Exercise directions »
Reproduce each line below precisely. Drop the pictures.
*** Data records Section Begins ***
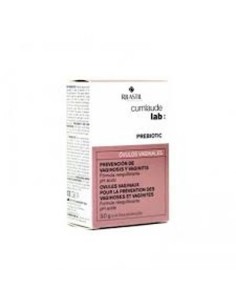 CUMLAUDE OVULOS PREBIOTIC 10 OVULOS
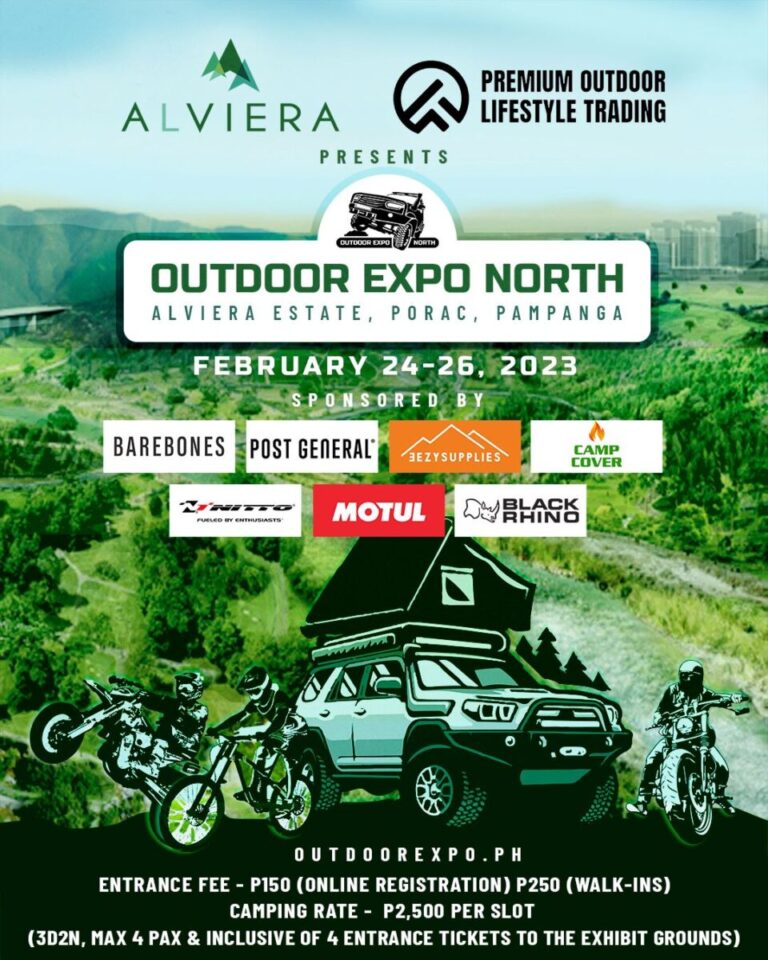 Outdoor Expo North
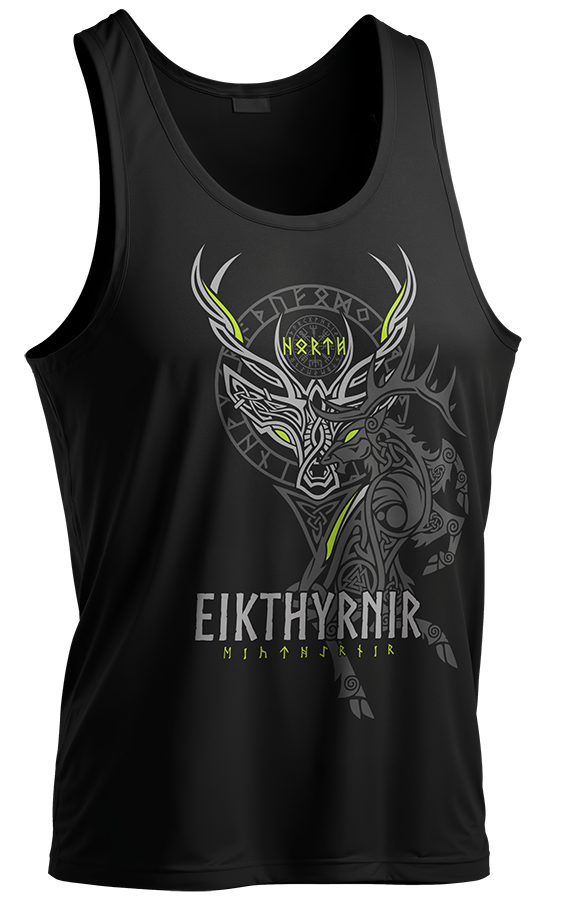 Big Tank Eikthyrnir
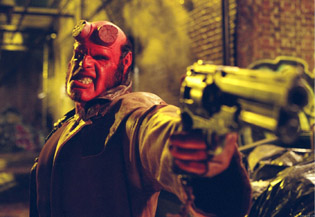 Hellboy Trivia Quiz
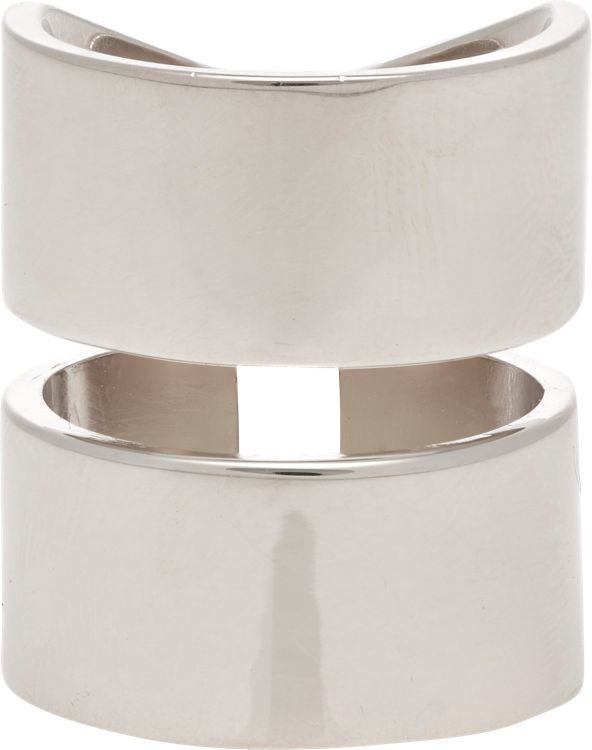 Jennifer Fisher Double Band Ring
*** Data records Section Ends ***
Exercise result »
 CUMLAUDE OVULOS PREBIOTIC 10 OVULOS
 Outdoor Expo North
 Big Tank Eikthyrnir
 Hellboy Trivia Quiz
 Jennifer Fisher Double Band Ring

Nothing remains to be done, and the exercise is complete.